If a line below contains the word "Collection", count it. Please give the total and nothing else.

***** DATASET RECORDS *****

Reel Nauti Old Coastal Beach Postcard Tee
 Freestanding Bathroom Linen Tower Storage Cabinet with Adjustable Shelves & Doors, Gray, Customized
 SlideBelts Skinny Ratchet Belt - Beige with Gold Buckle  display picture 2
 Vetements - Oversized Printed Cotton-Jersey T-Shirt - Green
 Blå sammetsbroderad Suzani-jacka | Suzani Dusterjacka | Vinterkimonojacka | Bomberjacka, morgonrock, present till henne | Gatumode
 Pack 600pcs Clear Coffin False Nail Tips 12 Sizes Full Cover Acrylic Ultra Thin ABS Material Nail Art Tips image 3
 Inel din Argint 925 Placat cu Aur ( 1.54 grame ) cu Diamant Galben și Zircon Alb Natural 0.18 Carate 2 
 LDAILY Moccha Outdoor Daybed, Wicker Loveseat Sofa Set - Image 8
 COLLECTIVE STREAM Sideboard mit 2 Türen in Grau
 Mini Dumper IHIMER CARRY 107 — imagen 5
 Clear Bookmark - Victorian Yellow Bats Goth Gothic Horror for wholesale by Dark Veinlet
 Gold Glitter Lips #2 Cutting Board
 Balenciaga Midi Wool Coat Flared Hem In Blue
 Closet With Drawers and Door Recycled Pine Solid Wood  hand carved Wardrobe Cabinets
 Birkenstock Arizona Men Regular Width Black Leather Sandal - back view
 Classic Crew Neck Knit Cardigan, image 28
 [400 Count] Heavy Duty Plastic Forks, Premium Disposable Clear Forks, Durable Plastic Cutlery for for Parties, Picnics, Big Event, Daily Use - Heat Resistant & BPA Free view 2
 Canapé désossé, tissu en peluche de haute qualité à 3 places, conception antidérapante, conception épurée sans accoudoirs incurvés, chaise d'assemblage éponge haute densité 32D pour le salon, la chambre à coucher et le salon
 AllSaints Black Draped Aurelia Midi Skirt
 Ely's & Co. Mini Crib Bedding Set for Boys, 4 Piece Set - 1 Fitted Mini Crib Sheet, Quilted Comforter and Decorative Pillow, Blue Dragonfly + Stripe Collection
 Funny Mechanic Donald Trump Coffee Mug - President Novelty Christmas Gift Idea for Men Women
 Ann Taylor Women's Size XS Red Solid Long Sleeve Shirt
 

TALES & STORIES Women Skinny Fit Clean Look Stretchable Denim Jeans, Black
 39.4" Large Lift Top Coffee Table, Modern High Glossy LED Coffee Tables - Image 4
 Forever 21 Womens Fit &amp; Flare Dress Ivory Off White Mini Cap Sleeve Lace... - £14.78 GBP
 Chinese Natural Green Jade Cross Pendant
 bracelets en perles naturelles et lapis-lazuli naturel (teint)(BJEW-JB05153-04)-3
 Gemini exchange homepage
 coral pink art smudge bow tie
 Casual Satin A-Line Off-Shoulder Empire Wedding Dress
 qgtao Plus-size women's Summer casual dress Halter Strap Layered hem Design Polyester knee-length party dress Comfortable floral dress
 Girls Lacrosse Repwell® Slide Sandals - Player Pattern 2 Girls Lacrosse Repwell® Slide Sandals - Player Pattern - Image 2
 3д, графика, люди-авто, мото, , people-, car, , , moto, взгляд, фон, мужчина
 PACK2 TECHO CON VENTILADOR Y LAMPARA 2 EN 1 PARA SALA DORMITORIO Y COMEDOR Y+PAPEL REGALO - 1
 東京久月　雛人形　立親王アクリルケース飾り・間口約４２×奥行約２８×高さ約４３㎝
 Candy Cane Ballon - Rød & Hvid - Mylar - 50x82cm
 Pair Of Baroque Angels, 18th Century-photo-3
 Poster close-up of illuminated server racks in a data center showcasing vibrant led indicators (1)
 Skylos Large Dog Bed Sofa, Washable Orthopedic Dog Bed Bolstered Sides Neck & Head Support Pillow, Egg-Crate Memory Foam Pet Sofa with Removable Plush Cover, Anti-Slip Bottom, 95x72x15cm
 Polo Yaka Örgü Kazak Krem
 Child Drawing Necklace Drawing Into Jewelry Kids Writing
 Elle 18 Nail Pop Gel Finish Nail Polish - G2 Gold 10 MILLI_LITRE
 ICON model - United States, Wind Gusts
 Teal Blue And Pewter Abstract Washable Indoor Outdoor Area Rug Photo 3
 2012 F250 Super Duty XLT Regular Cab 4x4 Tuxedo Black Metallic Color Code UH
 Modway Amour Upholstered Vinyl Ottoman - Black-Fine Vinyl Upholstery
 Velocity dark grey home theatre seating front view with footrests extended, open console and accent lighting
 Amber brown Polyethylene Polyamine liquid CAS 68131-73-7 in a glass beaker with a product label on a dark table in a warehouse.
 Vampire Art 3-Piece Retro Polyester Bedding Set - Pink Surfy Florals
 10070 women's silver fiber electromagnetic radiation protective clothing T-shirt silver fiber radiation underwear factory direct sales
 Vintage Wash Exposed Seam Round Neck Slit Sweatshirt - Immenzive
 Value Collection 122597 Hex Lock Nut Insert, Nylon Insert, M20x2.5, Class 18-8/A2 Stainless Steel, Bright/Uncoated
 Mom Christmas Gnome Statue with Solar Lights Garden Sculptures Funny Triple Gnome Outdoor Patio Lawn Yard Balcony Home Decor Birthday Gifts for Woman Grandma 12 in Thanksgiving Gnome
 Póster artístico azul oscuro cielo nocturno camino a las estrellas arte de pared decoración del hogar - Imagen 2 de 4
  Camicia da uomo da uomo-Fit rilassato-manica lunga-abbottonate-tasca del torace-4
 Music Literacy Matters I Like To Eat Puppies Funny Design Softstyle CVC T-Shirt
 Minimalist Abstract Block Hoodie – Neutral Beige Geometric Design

*****

## [EXPECTED ANSWER]
2